**Work instruction:** Beginning with the line that holds "Jhiane online show from August 27, 8:39 pm" in the data below, give again every line through the one that holds "清潔感のある快適空間です。毎日の身支度も気持ち良くお使い頂けます。", exactly as written.

(Records supplied begins)

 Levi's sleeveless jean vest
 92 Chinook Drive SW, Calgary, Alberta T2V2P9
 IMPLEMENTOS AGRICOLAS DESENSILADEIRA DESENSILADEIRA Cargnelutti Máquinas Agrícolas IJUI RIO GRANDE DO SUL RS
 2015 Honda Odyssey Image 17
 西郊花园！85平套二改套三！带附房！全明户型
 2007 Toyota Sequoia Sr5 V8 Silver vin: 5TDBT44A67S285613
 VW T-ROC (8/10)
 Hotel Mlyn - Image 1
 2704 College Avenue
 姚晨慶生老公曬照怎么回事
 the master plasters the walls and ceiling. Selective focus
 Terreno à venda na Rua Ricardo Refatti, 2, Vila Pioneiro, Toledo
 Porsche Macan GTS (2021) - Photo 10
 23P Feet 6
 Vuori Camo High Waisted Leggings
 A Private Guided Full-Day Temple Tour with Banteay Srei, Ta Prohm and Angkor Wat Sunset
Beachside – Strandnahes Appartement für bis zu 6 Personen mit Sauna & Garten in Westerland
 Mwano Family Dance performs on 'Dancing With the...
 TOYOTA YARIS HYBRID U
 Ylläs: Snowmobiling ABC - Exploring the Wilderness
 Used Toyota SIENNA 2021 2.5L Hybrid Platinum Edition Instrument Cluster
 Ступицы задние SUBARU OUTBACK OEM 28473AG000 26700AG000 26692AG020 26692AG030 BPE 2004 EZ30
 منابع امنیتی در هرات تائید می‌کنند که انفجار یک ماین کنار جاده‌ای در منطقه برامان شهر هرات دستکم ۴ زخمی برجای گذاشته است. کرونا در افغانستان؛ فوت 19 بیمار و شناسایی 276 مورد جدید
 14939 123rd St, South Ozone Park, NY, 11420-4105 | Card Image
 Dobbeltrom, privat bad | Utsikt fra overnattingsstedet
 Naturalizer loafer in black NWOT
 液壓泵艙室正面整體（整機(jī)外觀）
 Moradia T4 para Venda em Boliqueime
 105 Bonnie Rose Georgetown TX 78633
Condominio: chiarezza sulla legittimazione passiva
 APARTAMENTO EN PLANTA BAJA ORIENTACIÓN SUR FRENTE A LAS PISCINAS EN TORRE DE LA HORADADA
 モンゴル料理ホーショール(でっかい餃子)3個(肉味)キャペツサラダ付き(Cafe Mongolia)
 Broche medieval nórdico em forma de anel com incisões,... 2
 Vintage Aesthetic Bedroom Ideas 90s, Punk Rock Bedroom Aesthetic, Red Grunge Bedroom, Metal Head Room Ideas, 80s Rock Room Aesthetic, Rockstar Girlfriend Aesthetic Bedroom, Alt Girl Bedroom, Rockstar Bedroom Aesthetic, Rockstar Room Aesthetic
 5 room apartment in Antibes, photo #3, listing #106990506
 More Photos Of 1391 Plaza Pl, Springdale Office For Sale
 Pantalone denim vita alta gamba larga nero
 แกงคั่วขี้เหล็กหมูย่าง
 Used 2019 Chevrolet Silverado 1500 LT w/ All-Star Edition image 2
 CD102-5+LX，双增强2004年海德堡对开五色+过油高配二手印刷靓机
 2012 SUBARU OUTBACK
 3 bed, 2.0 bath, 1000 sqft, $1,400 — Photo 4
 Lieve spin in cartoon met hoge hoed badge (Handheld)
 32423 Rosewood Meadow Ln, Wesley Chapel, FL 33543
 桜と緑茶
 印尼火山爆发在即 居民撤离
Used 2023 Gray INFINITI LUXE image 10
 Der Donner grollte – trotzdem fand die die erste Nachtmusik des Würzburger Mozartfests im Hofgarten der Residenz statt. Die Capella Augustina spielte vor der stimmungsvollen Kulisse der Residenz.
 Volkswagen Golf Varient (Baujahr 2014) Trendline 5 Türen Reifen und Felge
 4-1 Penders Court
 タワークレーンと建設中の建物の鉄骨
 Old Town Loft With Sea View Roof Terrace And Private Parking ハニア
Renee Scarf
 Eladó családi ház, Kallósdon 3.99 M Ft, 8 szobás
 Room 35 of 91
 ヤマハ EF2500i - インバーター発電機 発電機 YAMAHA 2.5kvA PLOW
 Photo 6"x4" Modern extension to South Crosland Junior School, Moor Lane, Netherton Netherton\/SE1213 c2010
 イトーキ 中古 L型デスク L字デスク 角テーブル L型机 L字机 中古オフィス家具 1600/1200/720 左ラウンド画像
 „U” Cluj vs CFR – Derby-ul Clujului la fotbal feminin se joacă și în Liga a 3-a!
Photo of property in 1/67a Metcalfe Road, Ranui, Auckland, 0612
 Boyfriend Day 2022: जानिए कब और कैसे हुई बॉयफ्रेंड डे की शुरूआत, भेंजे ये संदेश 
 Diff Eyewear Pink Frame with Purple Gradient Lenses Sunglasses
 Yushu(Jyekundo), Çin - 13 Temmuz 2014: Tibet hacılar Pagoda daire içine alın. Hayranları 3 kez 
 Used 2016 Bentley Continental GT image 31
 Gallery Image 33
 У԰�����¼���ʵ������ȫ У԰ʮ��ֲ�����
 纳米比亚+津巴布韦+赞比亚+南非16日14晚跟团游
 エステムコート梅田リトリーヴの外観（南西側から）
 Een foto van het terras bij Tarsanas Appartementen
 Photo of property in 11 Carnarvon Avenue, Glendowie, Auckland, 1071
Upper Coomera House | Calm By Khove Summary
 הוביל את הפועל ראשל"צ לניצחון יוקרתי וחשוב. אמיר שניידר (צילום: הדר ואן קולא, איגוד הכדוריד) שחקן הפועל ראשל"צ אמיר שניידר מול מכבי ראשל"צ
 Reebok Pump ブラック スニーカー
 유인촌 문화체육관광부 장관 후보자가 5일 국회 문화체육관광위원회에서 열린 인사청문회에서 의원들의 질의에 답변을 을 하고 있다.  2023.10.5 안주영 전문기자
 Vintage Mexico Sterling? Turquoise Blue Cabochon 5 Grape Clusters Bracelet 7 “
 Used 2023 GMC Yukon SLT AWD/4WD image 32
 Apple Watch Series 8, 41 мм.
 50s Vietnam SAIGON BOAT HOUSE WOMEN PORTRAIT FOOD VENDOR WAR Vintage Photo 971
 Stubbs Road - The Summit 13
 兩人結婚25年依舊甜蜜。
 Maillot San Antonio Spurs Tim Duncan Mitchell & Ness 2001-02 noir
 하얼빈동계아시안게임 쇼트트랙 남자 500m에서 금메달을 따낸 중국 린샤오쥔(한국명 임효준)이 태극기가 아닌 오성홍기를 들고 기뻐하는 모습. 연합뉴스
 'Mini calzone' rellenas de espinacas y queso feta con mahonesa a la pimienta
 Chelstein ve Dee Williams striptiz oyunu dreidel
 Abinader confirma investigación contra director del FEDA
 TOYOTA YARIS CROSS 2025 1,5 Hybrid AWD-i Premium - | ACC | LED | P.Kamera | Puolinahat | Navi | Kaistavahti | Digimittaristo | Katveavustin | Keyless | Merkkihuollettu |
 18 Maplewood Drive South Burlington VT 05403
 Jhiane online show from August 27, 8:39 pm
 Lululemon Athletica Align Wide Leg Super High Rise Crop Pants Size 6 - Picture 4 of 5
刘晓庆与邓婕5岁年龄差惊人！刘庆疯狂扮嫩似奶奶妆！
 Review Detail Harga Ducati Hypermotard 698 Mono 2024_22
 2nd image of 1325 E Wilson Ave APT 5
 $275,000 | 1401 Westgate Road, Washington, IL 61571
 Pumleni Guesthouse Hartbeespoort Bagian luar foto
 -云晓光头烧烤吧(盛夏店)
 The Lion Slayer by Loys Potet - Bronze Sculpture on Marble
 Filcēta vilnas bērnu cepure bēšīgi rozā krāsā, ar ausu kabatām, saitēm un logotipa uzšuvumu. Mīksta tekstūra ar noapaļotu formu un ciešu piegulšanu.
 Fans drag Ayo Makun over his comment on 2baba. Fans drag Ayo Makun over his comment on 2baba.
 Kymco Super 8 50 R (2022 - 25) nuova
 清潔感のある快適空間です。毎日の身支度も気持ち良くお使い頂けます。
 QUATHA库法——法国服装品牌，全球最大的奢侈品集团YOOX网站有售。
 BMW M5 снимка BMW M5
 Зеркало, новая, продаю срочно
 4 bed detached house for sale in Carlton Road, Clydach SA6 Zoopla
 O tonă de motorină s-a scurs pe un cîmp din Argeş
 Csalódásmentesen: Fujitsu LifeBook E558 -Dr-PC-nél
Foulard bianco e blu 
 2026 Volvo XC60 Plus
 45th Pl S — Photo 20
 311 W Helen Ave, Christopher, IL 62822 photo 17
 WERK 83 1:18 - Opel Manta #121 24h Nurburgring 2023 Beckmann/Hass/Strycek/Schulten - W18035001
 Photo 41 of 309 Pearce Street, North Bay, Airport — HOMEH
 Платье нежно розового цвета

(Records supplied ends)

**Your solution:**
 Jhiane online show from August 27, 8:39 pm
 Lululemon Athletica Align Wide Leg Super High Rise Crop Pants Size 6 - Picture 4 of 5
刘晓庆与邓婕5岁年龄差惊人！刘庆疯狂扮嫩似奶奶妆！
 Review Detail Harga Ducati Hypermotard 698 Mono 2024_22
 2nd image of 1325 E Wilson Ave APT 5
 $275,000 | 1401 Westgate Road, Washington, IL 61571
 Pumleni Guesthouse Hartbeespoort Bagian luar foto
 -云晓光头烧烤吧(盛夏店)
 The Lion Slayer by Loys Potet - Bronze Sculpture on Marble
 Filcēta vilnas bērnu cepure bēšīgi rozā krāsā, ar ausu kabatām, saitēm un logotipa uzšuvumu. Mīksta tekstūra ar noapaļotu formu un ciešu piegulšanu.
 Fans drag Ayo Makun over his comment on 2baba. Fans drag Ayo Makun over his comment on 2baba.
 Kymco Super 8 50 R (2022 - 25) nuova
 清潔感のある快適空間です。毎日の身支度も気持ち良くお使い頂けます。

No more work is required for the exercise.